───── Supplied data ─────

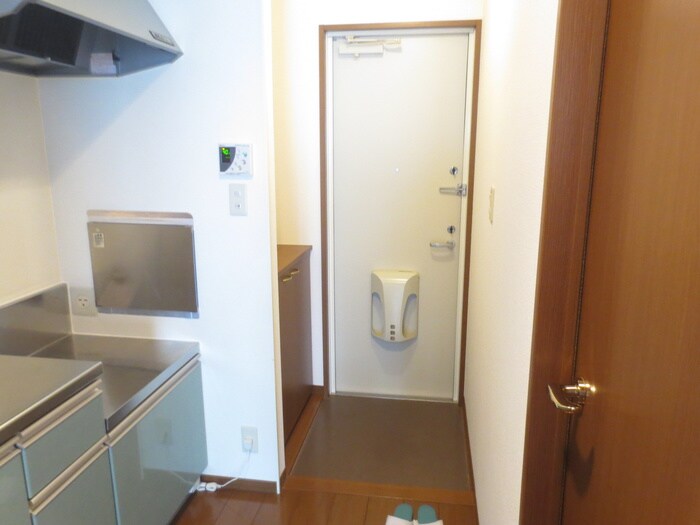 物件内観写真14　(玄関)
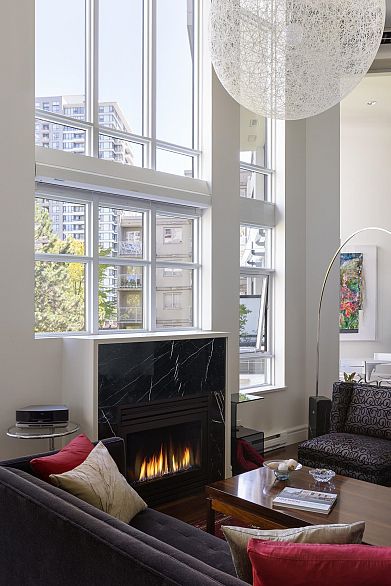 401 988 Richards Street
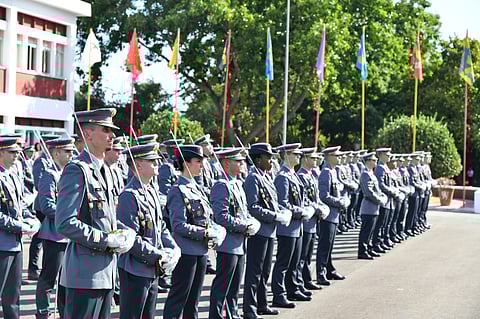 74 novos oficiais do Exército receberam as espadas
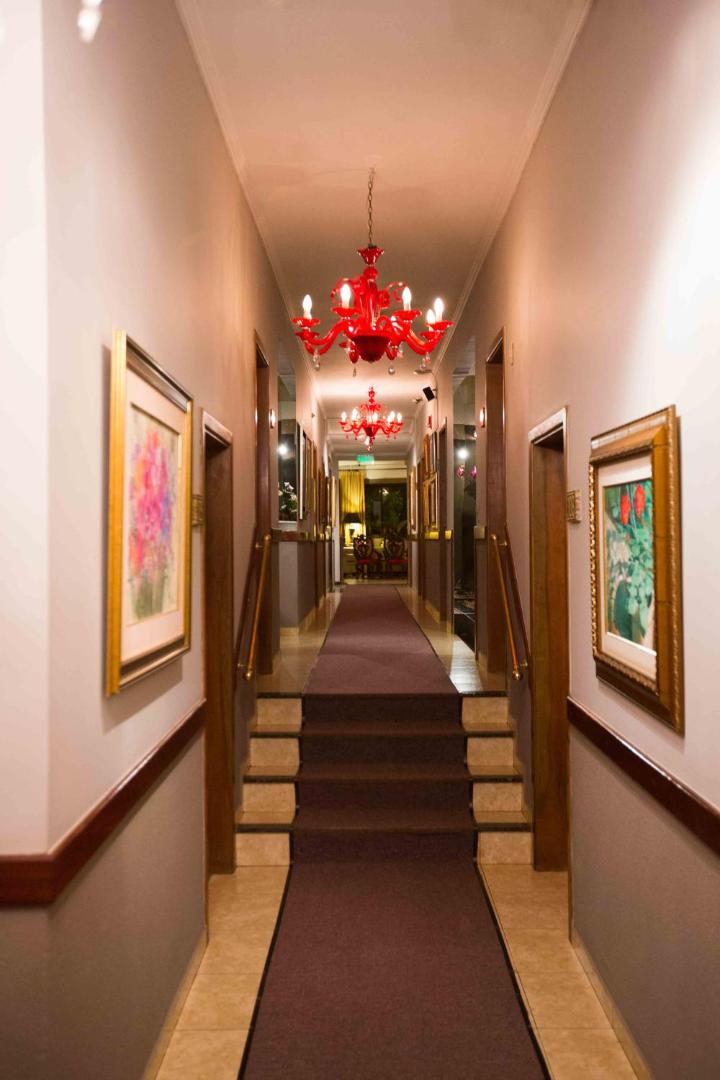 Las Ventanas Suites Hotel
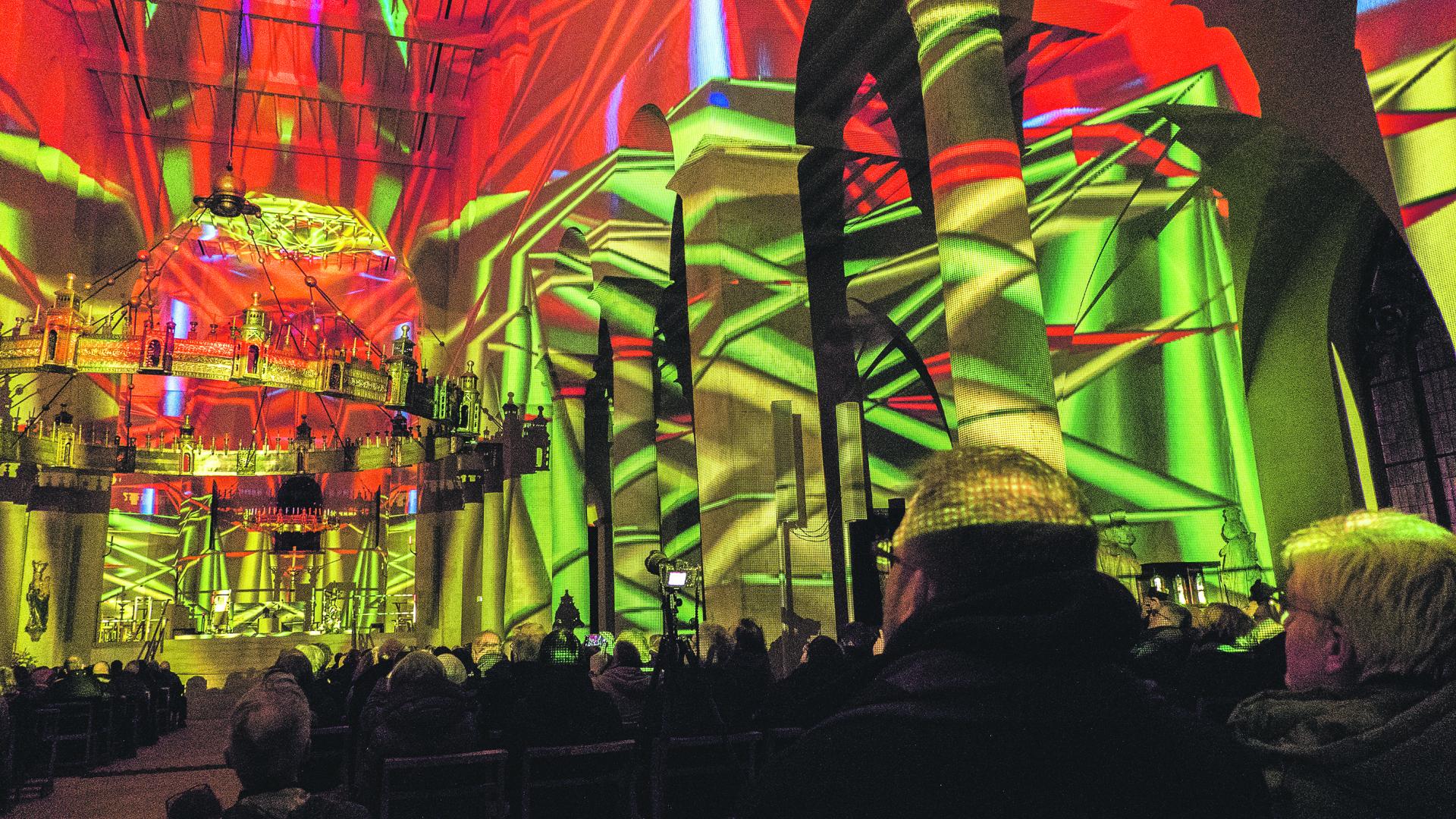 Lichtperformance im Mariendom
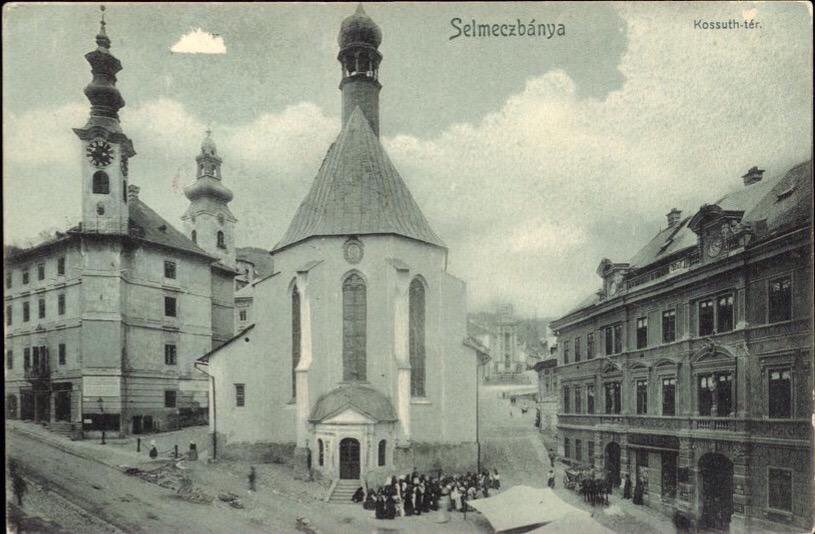 RegiKepek's tweet photo. Selmecbánya, #Felvidék (former Upper #Hungary) - once an important mining town in the Kingdom of Hungary | now Banská Štiavnica in central #Slovakia after annexation at #Trianon.

Hungarian population:
1910 (pre-Trianon): 6340 or 42%
1921 (post-Trianon) 660
2012: 35

#Hungarian https://t.co/JX7cx980hI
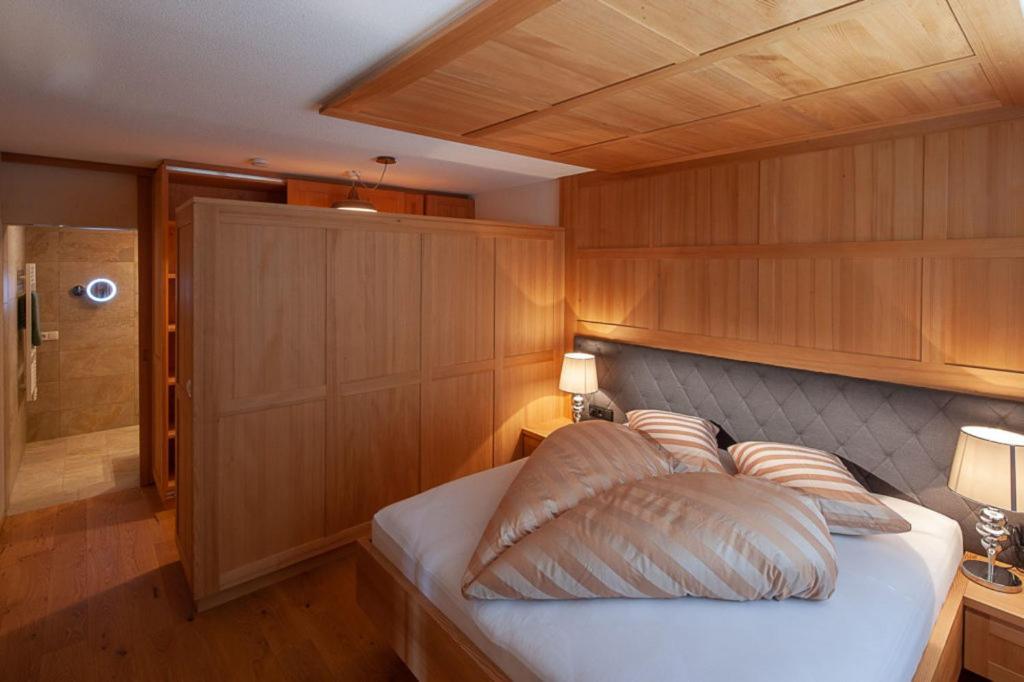 Ferienwohnung Smart Living Damuels Ngoại thất bức ảnh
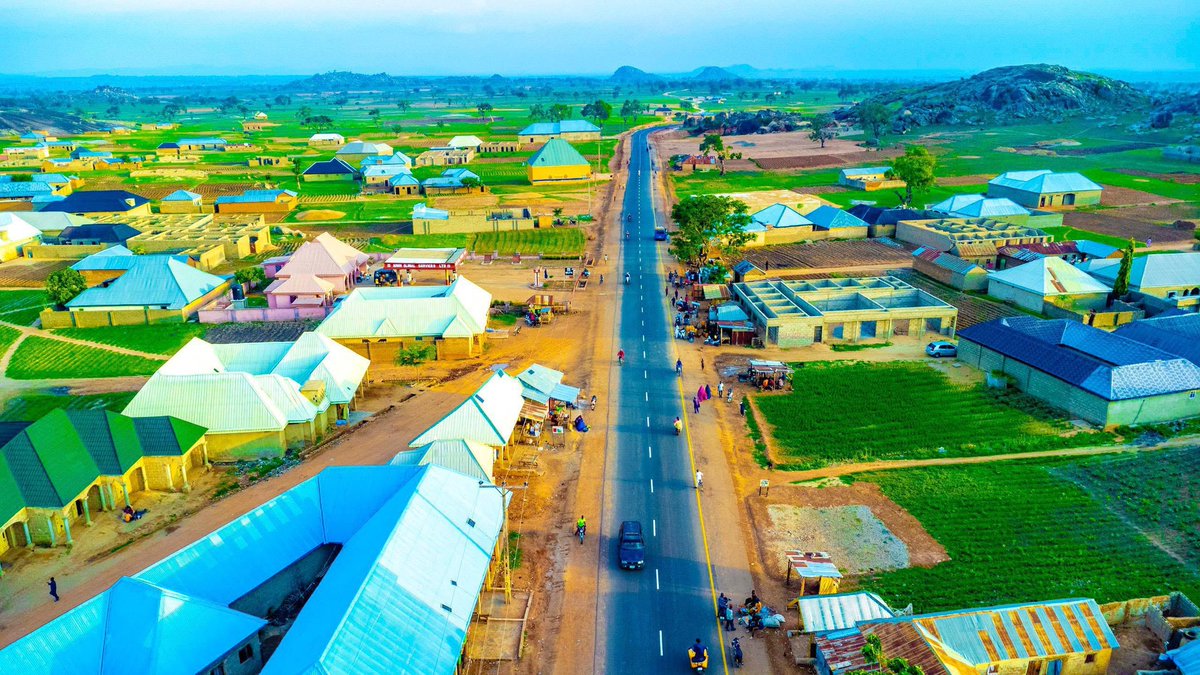 Muhrab90's tweet photo. Months after Governor Uba Sani commissioned the 22km Pambeguwa–Kahuta–Kauru road, its impact is being felt beyond the ribbon-cutting.

The road is easing mobility, connecting farmers to markets reducing post-harvest losses and transportation costs while improving access to school https://t.co/fsiwyzerGj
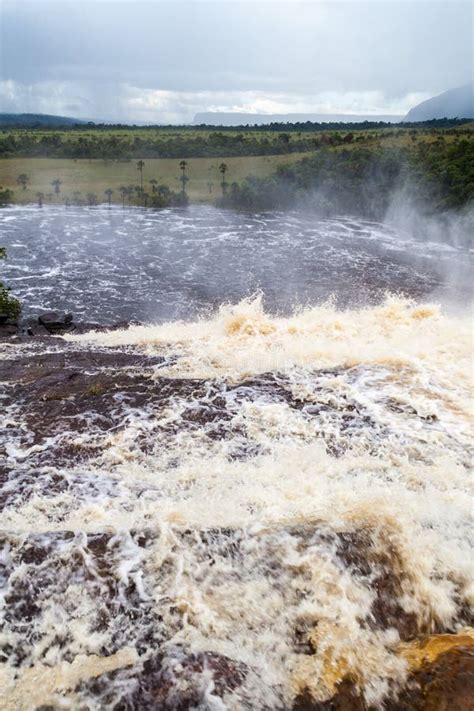 Canaima Lagoon waterfalls stock photo. Image of mist - 132287374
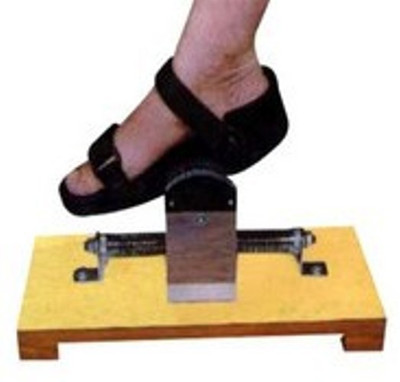 

IGR Ankle Exerciser Ankle Support (Free Size, Beige)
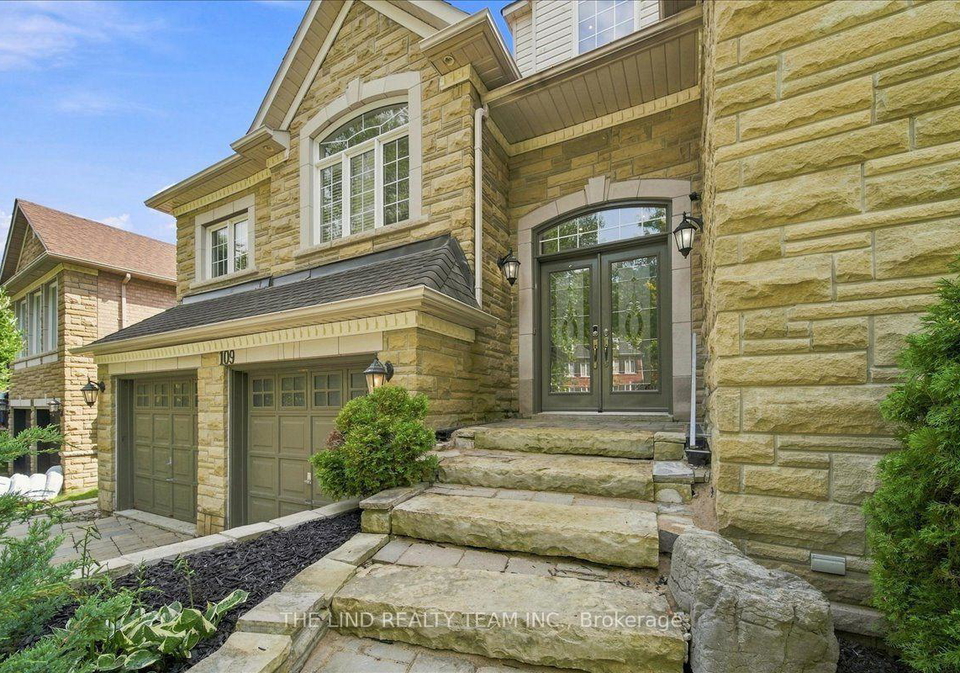 109-willis-drive-aurora-ontario-n13804644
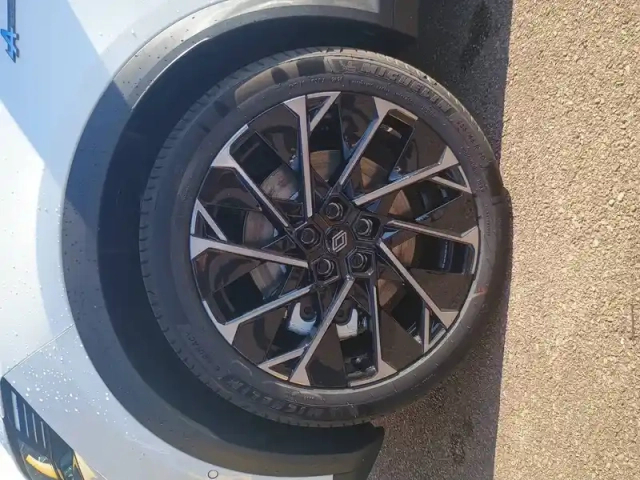 Renault Scenic e-tech électrique 220 ch grande autonomie — photo 21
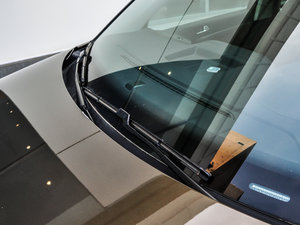 2015款2.0TSI 自动四驱豪华版 雨刷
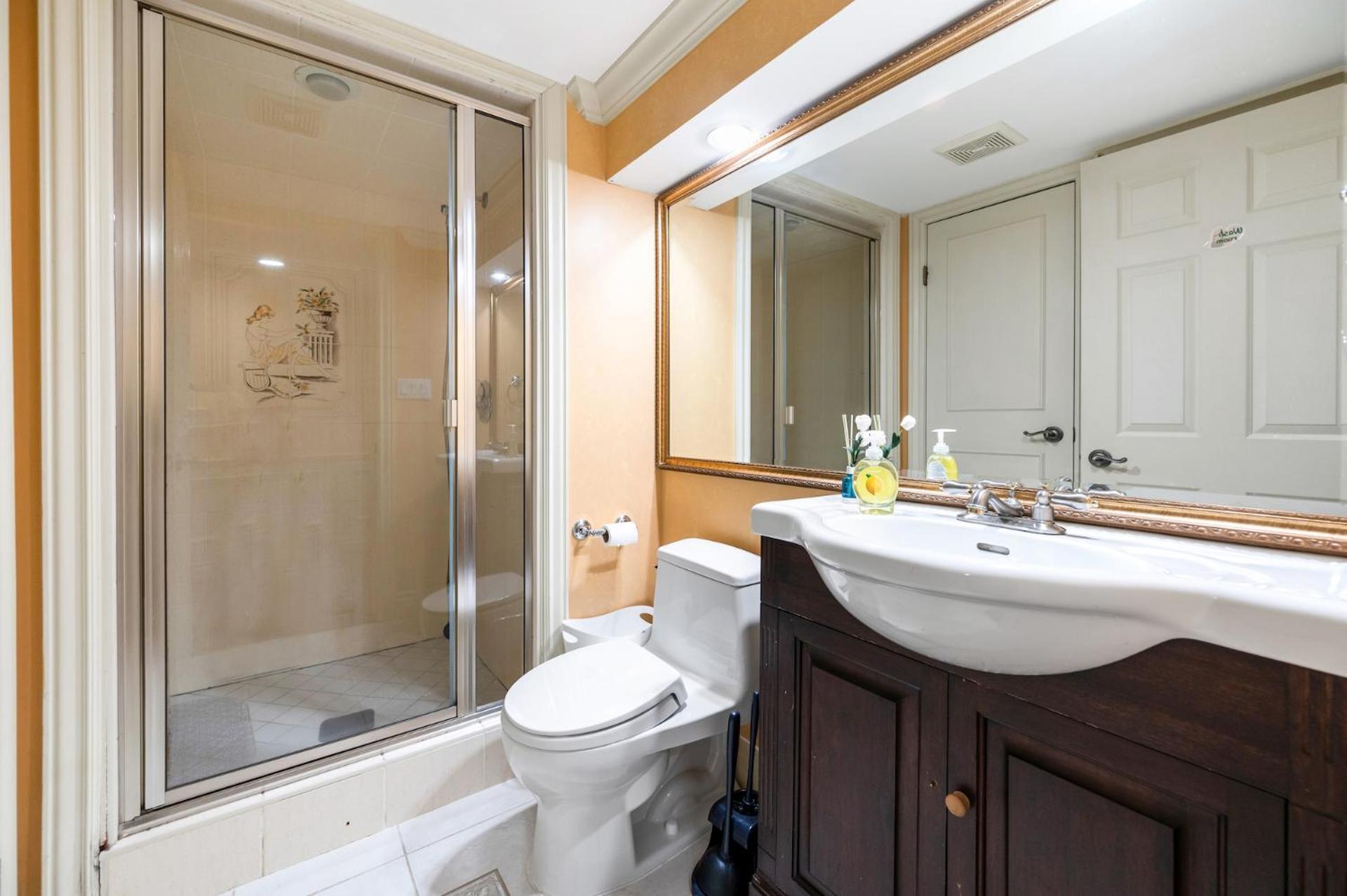 Charming Retreat On Cypress Street, Your Home Away From Home Vancouver Bagian luar foto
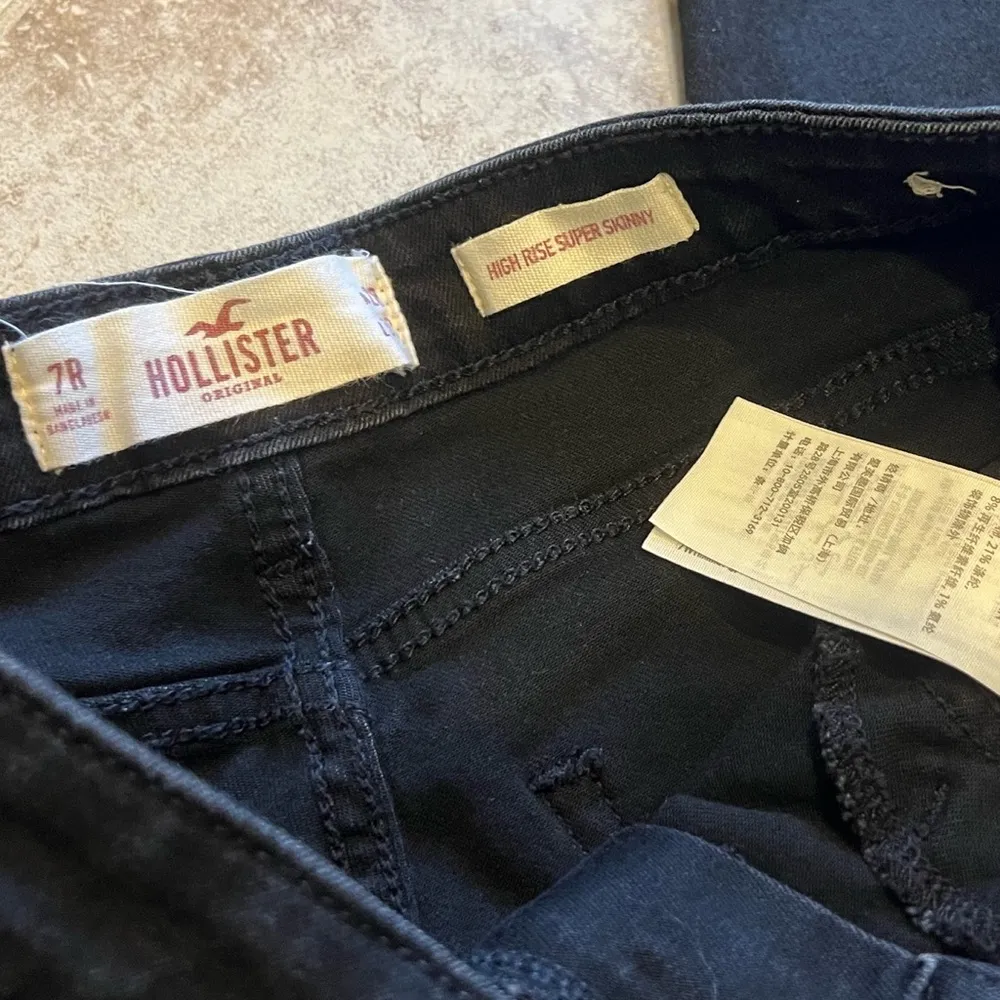 Hollister High Rise Super Skinny Distressed Black Jeans Size 7 / 28 stretchy - Image 5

─────

* Assignment *
Return every line above word for word, minus images.

* Response to this exercise *
 物件内観写真14　(玄関)
 401 988 Richards Street
 74 novos oficiais do Exército receberam as espadas
 Las Ventanas Suites Hotel
 Lichtperformance im Mariendom
 RegiKepek's tweet photo. Selmecbánya, #Felvidék (former Upper #Hungary) - once an important mining town in the Kingdom of Hungary | now Banská Štiavnica in central #Slovakia after annexation at #Trianon.

Hungarian population:
1910 (pre-Trianon): 6340 or 42%
1921 (post-Trianon) 660
2012: 35

#Hungarian https://t.co/JX7cx980hI
 Ferienwohnung Smart Living Damuels Ngoại thất bức ảnh
 Muhrab90's tweet photo. Months after Governor Uba Sani commissioned the 22km Pambeguwa–Kahuta–Kauru road, its impact is being felt beyond the ribbon-cutting.

The road is easing mobility, connecting farmers to markets reducing post-harvest losses and transportation costs while improving access to school https://t.co/fsiwyzerGj
 Canaima Lagoon waterfalls stock photo. Image of mist - 132287374

IGR Ankle Exerciser Ankle Support (Free Size, Beige)
 109-willis-drive-aurora-ontario-n13804644
 Renault Scenic e-tech électrique 220 ch grande autonomie — photo 21
 2015款2.0TSI 自动四驱豪华版 雨刷
 Charming Retreat On Cypress Street, Your Home Away From Home Vancouver Bagian luar foto
 Hollister High Rise Super Skinny Distressed Black Jeans Size 7 / 28 stretchy - Image 5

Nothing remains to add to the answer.